WHAT YOU WILL DO ::
Copy nothing but the lines from the one containing "Balloons And Champagne cover art" through the last line of the records, repeated exactly and without pictures.
================================
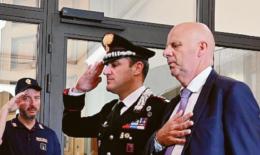 Omaggio al sacrificio del brigadiere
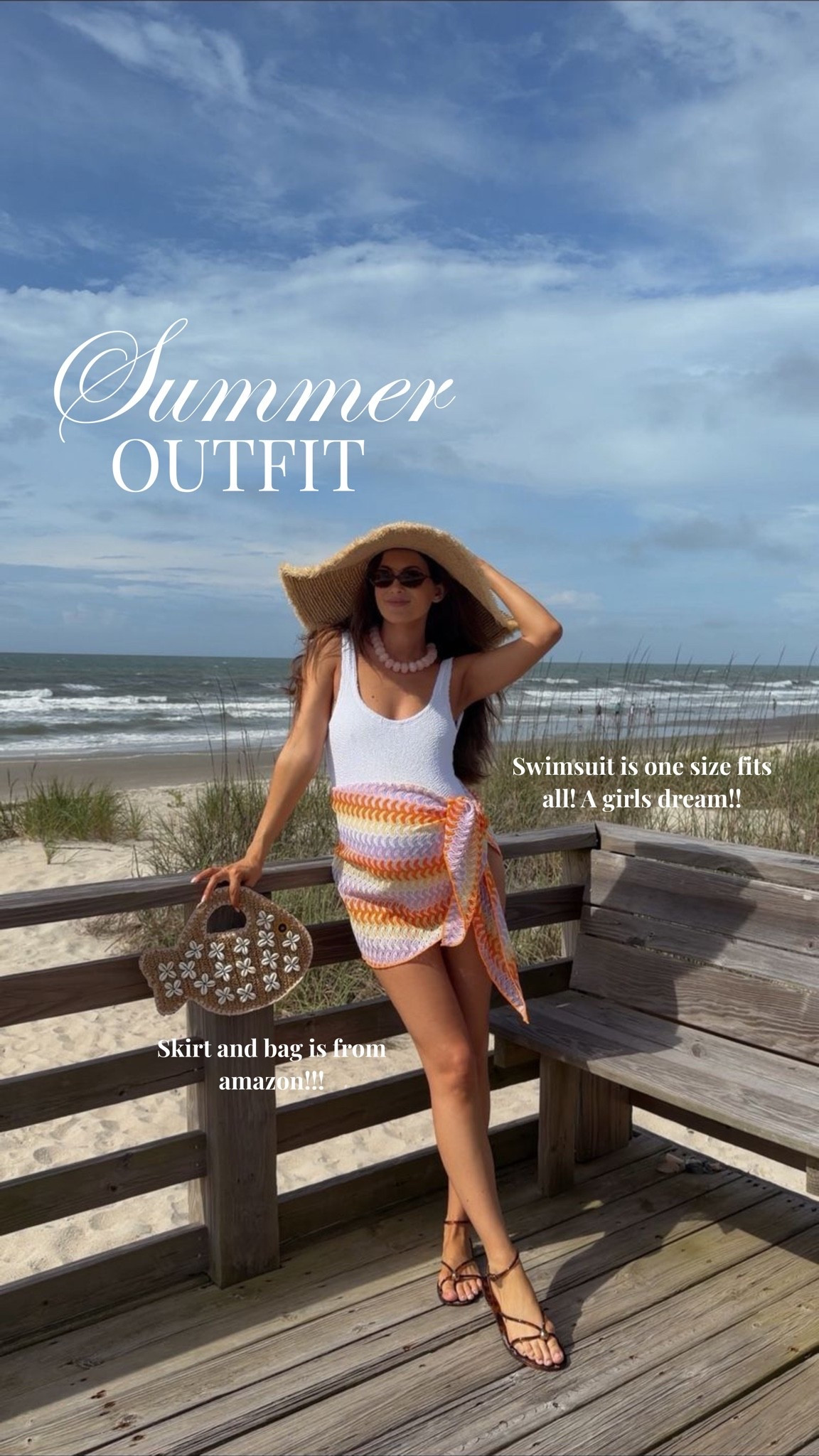 The perfect beach outfit 🐟

#LTKdayinmylife #LTKootd #LTKmomlife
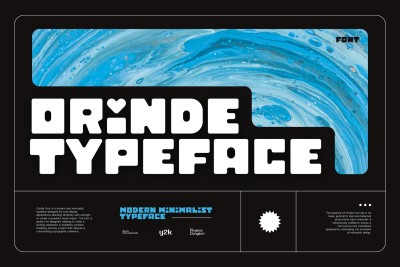 hellofont-id-zhuo-ran-ti preview 2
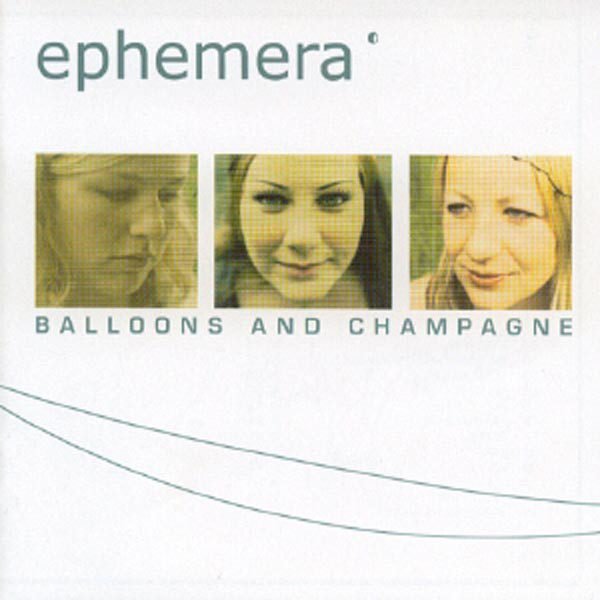 Balloons And Champagne cover art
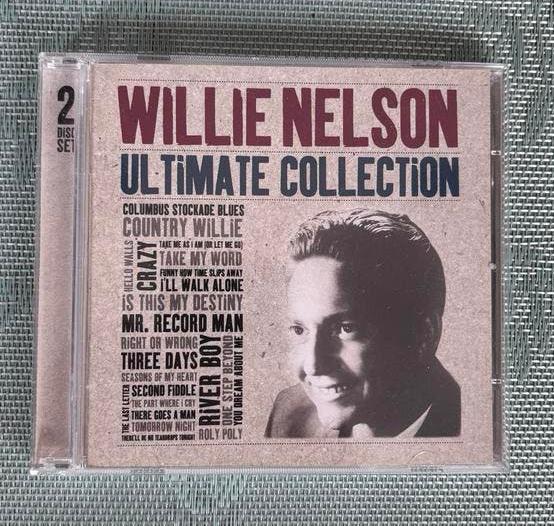 Willie Nelson Ultimate Collection 2 Disc Set, Ophalen of Verzenden, Gebruikt, Boxset
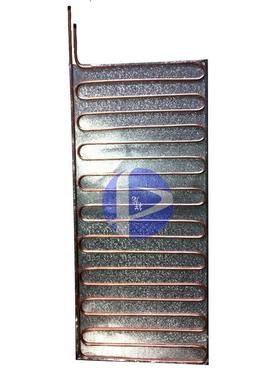 920MM×415MM（镀铜）展示柜压花 铝蒸发器40片/件 商品代码43017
================================
OUTPUT OF THE TASK ::
 Balloons And Champagne cover art
 Willie Nelson Ultimate Collection 2 Disc Set, Ophalen of Verzenden, Gebruikt, Boxset
 920MM×415MM（镀铜）展示柜压花 铝蒸发器40片/件 商品代码43017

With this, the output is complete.